01 January 2015 → 31 December 2020
Research Foundation - Flanders (FWO)
Research disciplines
  • Natural sciences
    • Applied mathematics in specific fields
    • Computer architecture and networks
    • Distributed computing
    • Information sciences
    • Information systems
    • Programming languages
    • Scientific computing
    • Theoretical computer science
    • Visual computing
    • Other information and computing sciences
  • Engineering and technology
    • Communications
    • Communications technology
    • Computer hardware
    • Computer theory
    • Scientific computing
    • Other computer engineering, information technology and mathematical engineering
network architecture
Project description

Multimedia services over broadband DSL access and aggregation networks such as Broadcast TV (BCTV), Network Based Personal Video Recording and Video on Demand (VoD) have gained a lot of popularity in the last few years. For end users, these services introduce new possibilities such as interactivity and higher video quality.

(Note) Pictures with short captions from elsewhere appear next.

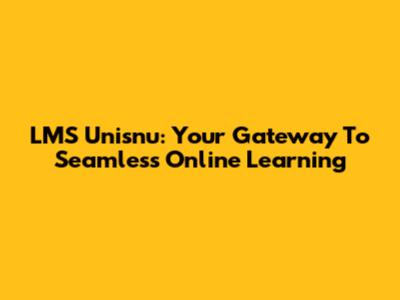 LMS Unisnu: Your Gateway To Seamless Online Learning
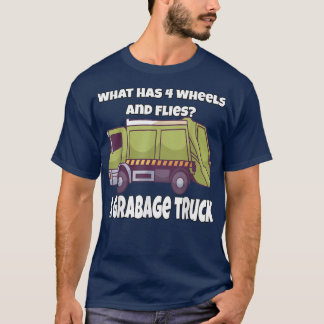 Garbage Truck What Has 4 Wheels And Flies A Garbag T-shirt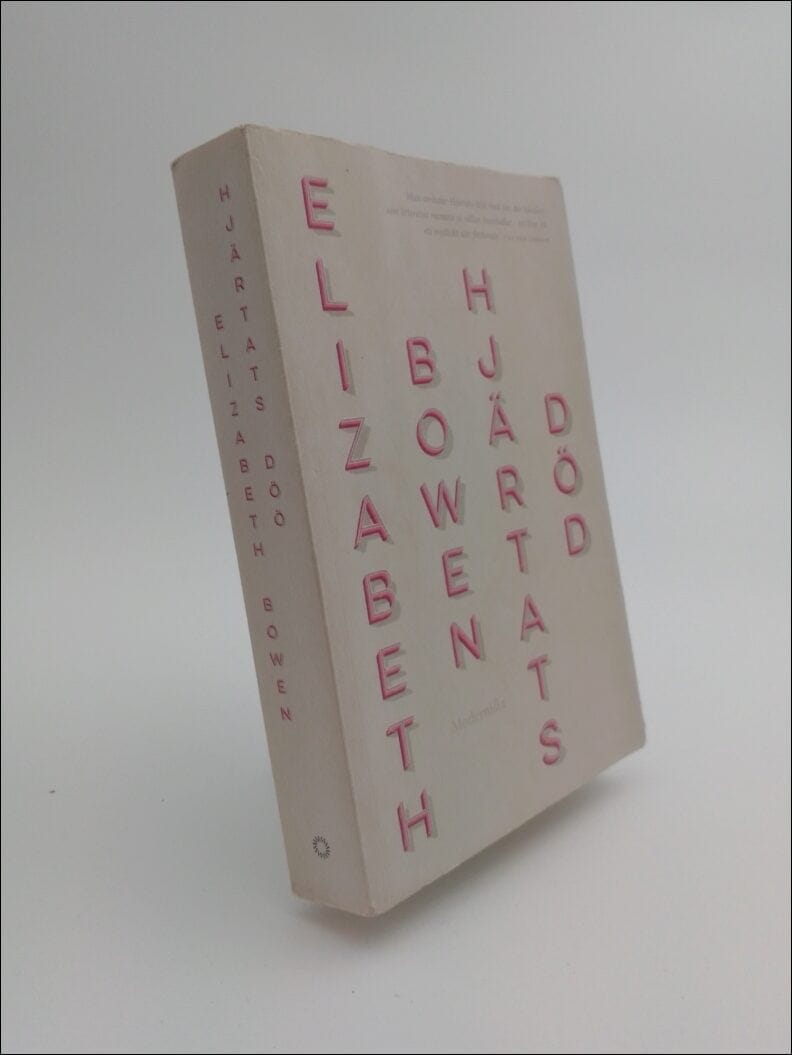 Elizabeth Bowen : Hjärtats död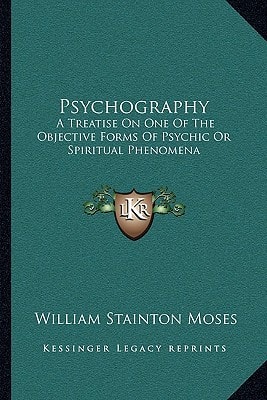 Psychography: A Treatise On One Of The Objective Forms Of Psychic Or Spiritual Phenomena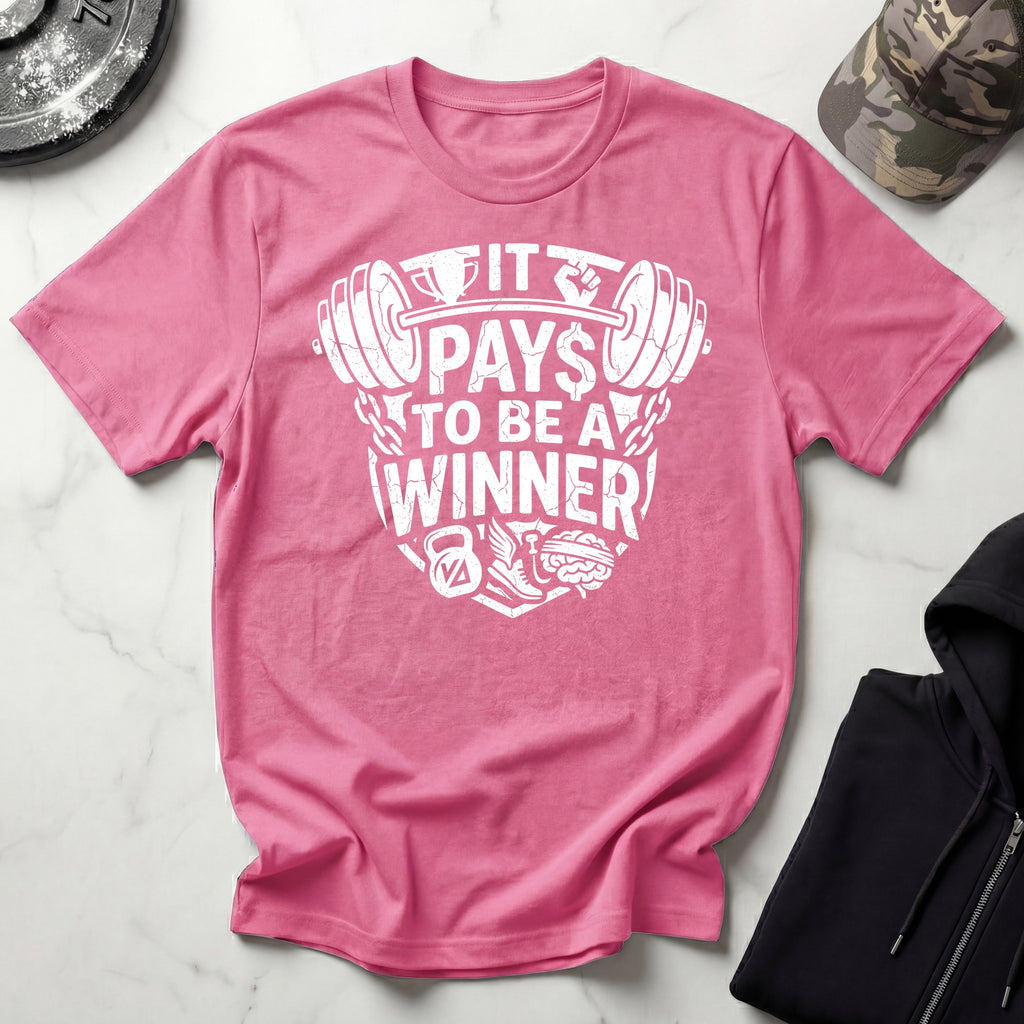 It Pays To Be A Winner Gym T-Shirt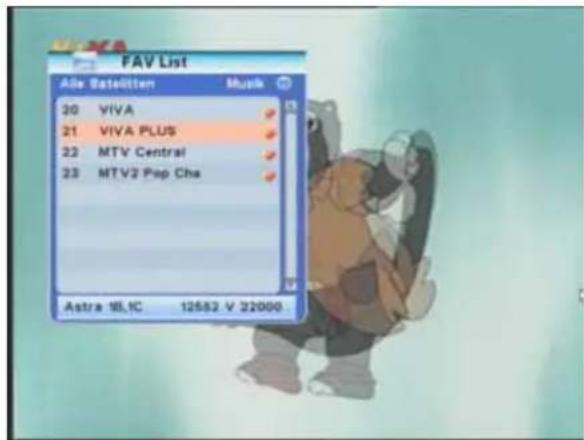 FAV List Alle Satellite Musk 20 VIVA 21 VIVA PLUS 22 MTV Central 23 MTV2 Pop Cha Astra 18.1C 12552 V 22000
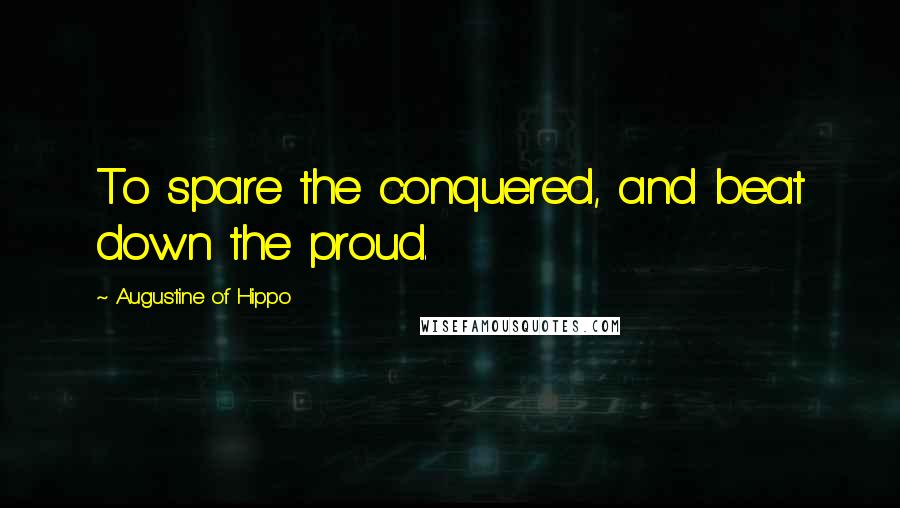 Augustine Of Hippo Quotes: To spare the conquered, and beat down the proud.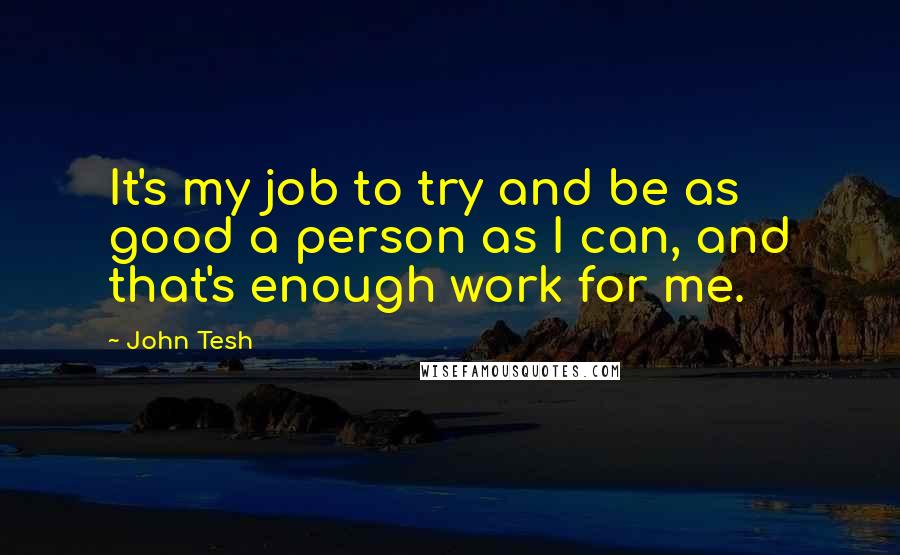 John Tesh Quotes: It's my job to try and be as good a person as I can, and that's enough work for me.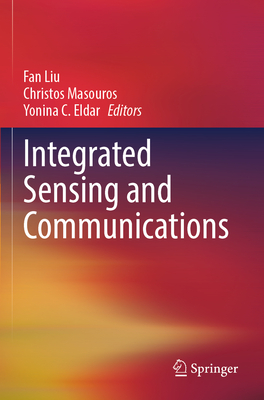 Integrated Sensing and Communications - Liu, Fan (Editor), and Masouros, Christos (Editor), and Eldar, Yonina C. (Editor)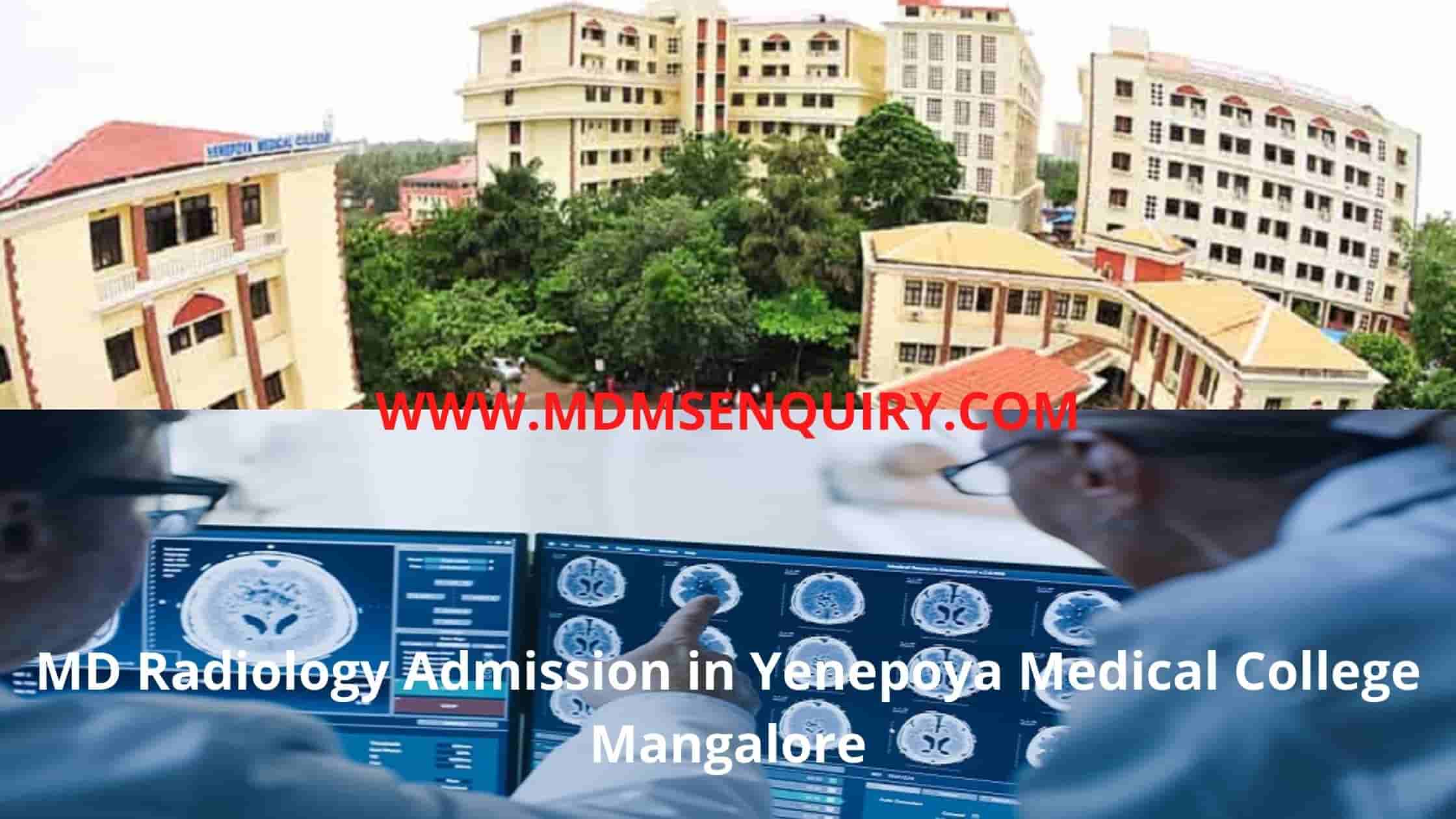 MD Radiology Admission in Yenepoya Medical College Mangalore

For service operators, they offer increased revenue in their Triple Play offer. At the same time, multimedia services have stringent quality requirements: in order to avoid visual distortions they often require a substantial amount of bandwidth and tolerate no packet loss and only small amounts of jitter. Operators who want to maximize their revenue try to manage the service quality as perceived by the end user, commonly described as the Quality of Experience (QoE). This management is further complicated by the heterogeneity of today's access and aggregation networks. Autonomic networking manages this growing complexity by adding intelligence inside network nodes and network management applications. The autonomic communications paradigm aspires to build a self-governing network which allows administrators to focus more on the optimization of the network through higher level goals instead of performing time consuming manual management tasks. In this research, an autonomic communications architecture is targeted that is able to maximize the QoE in multimedia access networks. In the first term of this research, three aspects of an autonomic communications system were studied: (1) the use of enabling components such as monitoring and QoE optimizers, (2) the reasoning on the knowledge to deploy new QoE optimizers and (3) the exchange of context between autonomic managers.